Вася начал подозревать, что постоянно критикуя его действия, товарищ Рамон загоняет его в подчиненное положение, отыгрываясь за первый этап. Понятное дело, что Че с его имиджем и авторитетом фигура куда круче безвестного касика, но, зная сколько команданте наломал дров, контроль упускать никак нельзя.

Кубинцы-аргентинцы уже несколько раз получили по сусалам от Иская и теперь на выходах успешно избегали ловушек и засад, требовалось изобрести новые способы. Вася с горечью понял, что движение вступило в пору внутренних интриг, но деваться некуда.

Чтобы извлечь из смерти Юнапаке хоть какую пользу, касик велел рассказать о засаде всем бойцам с упором на причины — безответственность и самоуправство. И постоянно бомбардировал Гевару требованиями прислать офицеров-академиков, штабиста и контрразведчика, чтобы избегать подобных проблем в будущем.
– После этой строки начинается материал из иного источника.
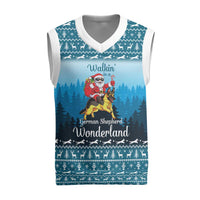 German Shepherd Christmas Knitted V-Neck Vest with Walking in a Wonderland Quote and Santa Forest - Wonder Print Shop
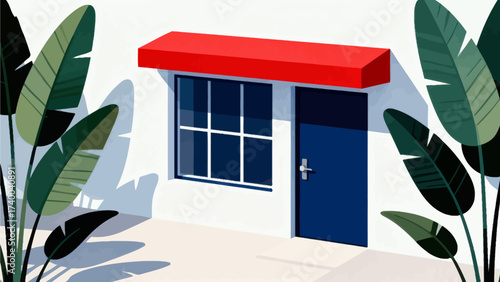 White building with blue door and red awning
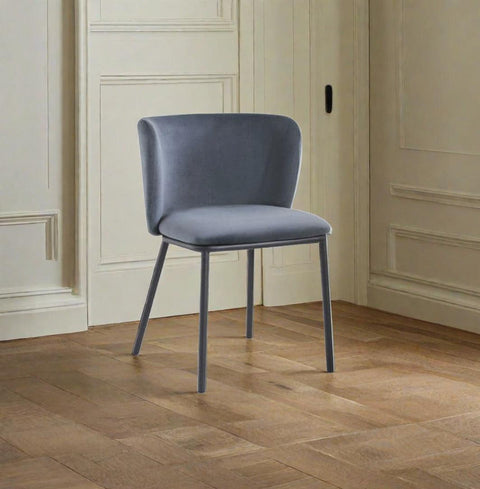 x2 Celeste Velvet Dining Chair in Dark Grey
И очень надеялся, что вскоре появится идеологический противовес, товарищ Габриэля как сторонник действий в городах, а не в горах. Так вот и давил он на команданте Рамона, но додавить не успел, пришлось принимать новых людей.

Необычных. Очень.

Если три кечуа из Перу, пришедшие к «великому Инке Тупаку Амару» еще вписывались в стандартный поток, но при этом были участниками неудачного вторжения с территории Боливии, предпринятого левыми в 1963 году, то навахо из США из него выпадал напрочь. Касик даже бросил все дела, чтобы полюбоваться на такое чудо. Рики Цоси, тридцати четырех лет, борец за права индейцев, приехал посмотреть как за них борются в Андах. Вопреки васиным представлениям о североамериканских индейцах, как о чингачгуках, все оказалось интересней и сложнее. Рики не носил перьев на голове, зато говорил на четырех языках — английском, испанском, навахо и юта. Закончил он не только школу Бюро по делам индейцев, но также университет штата Нью-Мексико, причем со степенью бакалавра по математике. А еще он успел повоевать в Корее, в спасательной эскадрилье — среди тех крутых ребят, что вытаскивали сбитых летчиков с вражеской территории.